Ruby: The sweet, yet slightly socially clueless, bubblegum-chewing girl that wants to be everyone's friend. Everyone likes her, even though she inadvertently crosses personal space boundaries. She picks on nerd boy at times because she sees others do that, and she wants to fit in.


----------



## mlktrkdrvr (Dec 7, 2012)

My doe Brownie- The High Maintenance Girlfriend- she wants things her way and right now. Often looks down on those that she considers beneath her- which is almost everyone. 

Penny- She is the raw beauty (but does not know it). The tough as nails tom-boy type, never complains, loves life. She can get the job done and takes care of herself. Much more attractive than all the rest of the does but that is not important to her.

Betty- Street smart, mean bully girl. Don't cross her path because she will butt you right back into place.

Lucy and Nellie- There is not much difference. They look alike and act alike. The two most annoying girls from high school, codependent and never see one without the other. People often wonder if they are siamese twins. They often hangout with Betty trying to be bad but will never really make it.

Plum (my herd buck)- Womanizer... likes to love em and leave em. Won't call back and won't say hi if he sees you in town the next week.

Stinky Pete (future herd buck) The star of the football team, yes he is good looking and he knows it. He also doesn't care that you know he knows it. All the girls want him and the boys want to be him.


----------



## Houdini (Dec 4, 2013)

I love this game  

Fluffy: little sister that wants to always tag along. the one that always gets picked on when in a big group.
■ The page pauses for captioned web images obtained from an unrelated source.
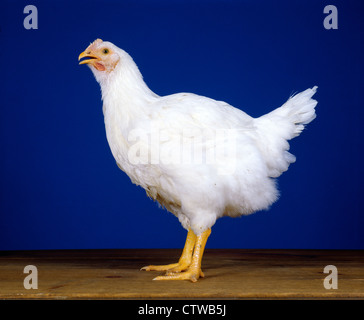 HUBBARD CROSS BROILER, 8 settimane vecchio PULLET / PENNSYLVANIA Foto Stock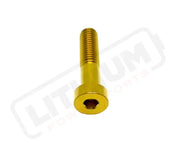 TS Altis Sigma Gearbox Cover Titanium Bolt Kit - Gold / 8 Pieces / Socket Cap - Titanium Bolts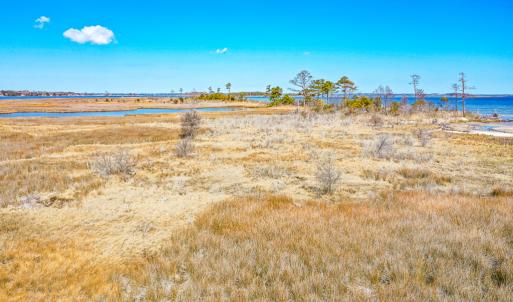 Photo #39 of Off Bay Tree Beach Rd, Seaford, VA 185.0 acres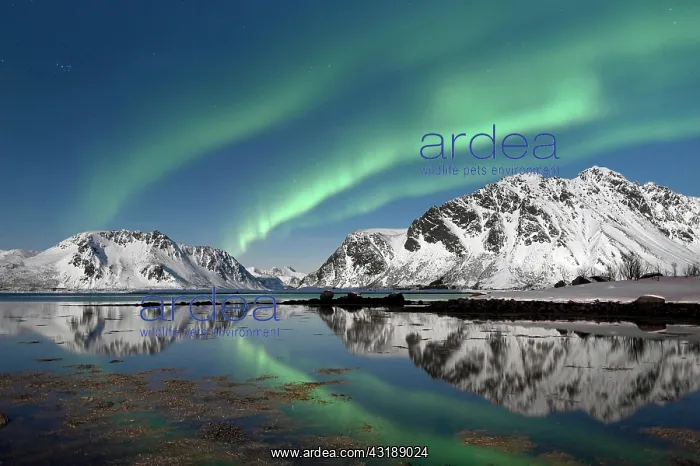  : Northern lights, aurora borealis, seen from Lyngv nrstranda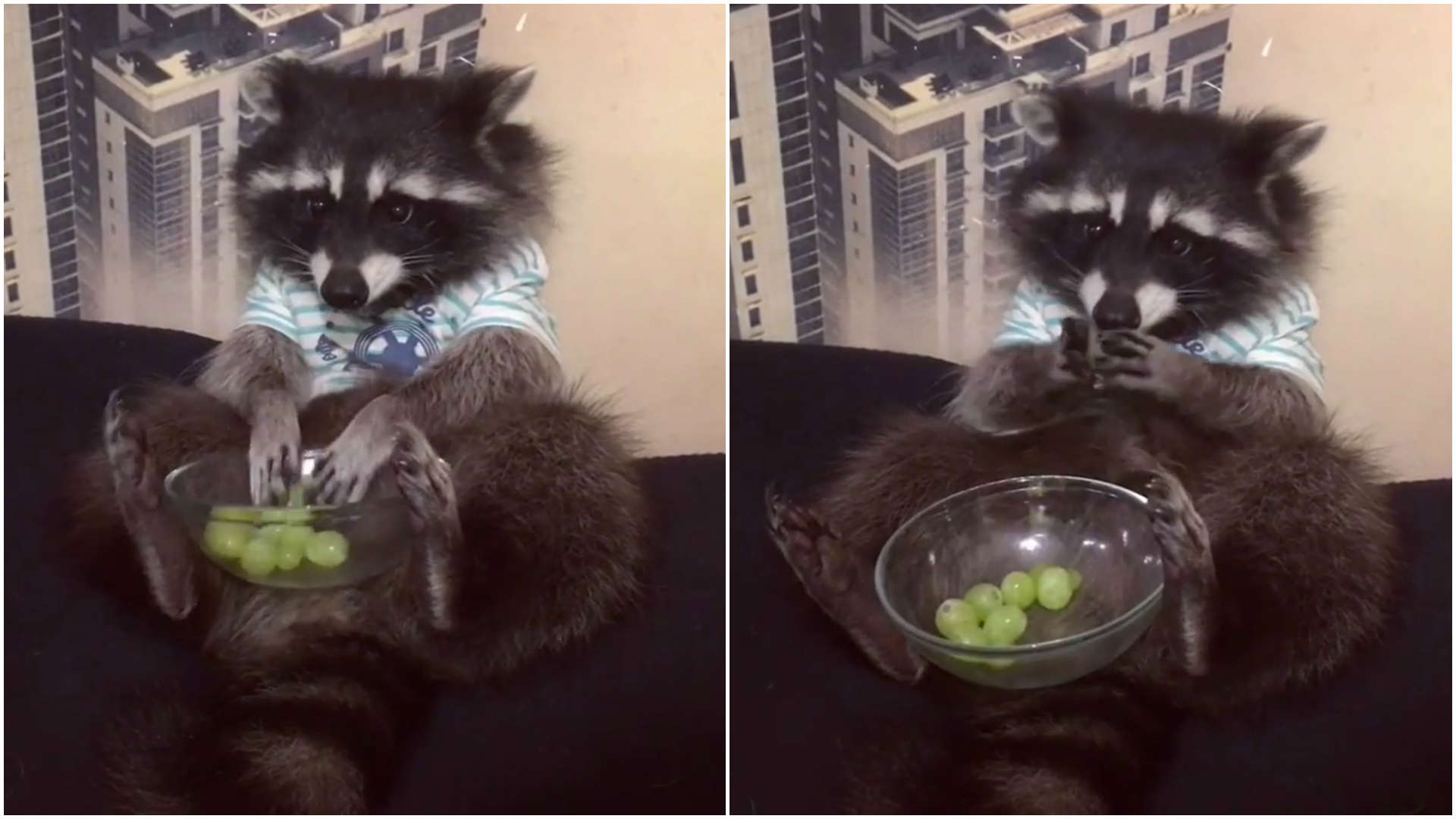 Guaxinim come uvas como se fosse gente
The biggest escape artist that can get out of anything and fit into any space.( hence the name houdini( thats what my mom calls her))Bestest friend.


----------



## goatygirl (Feb 16, 2013)

Cisco would be the silliest person but he also can be serious when he needs to be he would also have all the girls always around him. He is very thoughtful of others and never gets angry at anyone.he would have the same social status of a sport player in a high school. He would never not have a girlfriend.


----------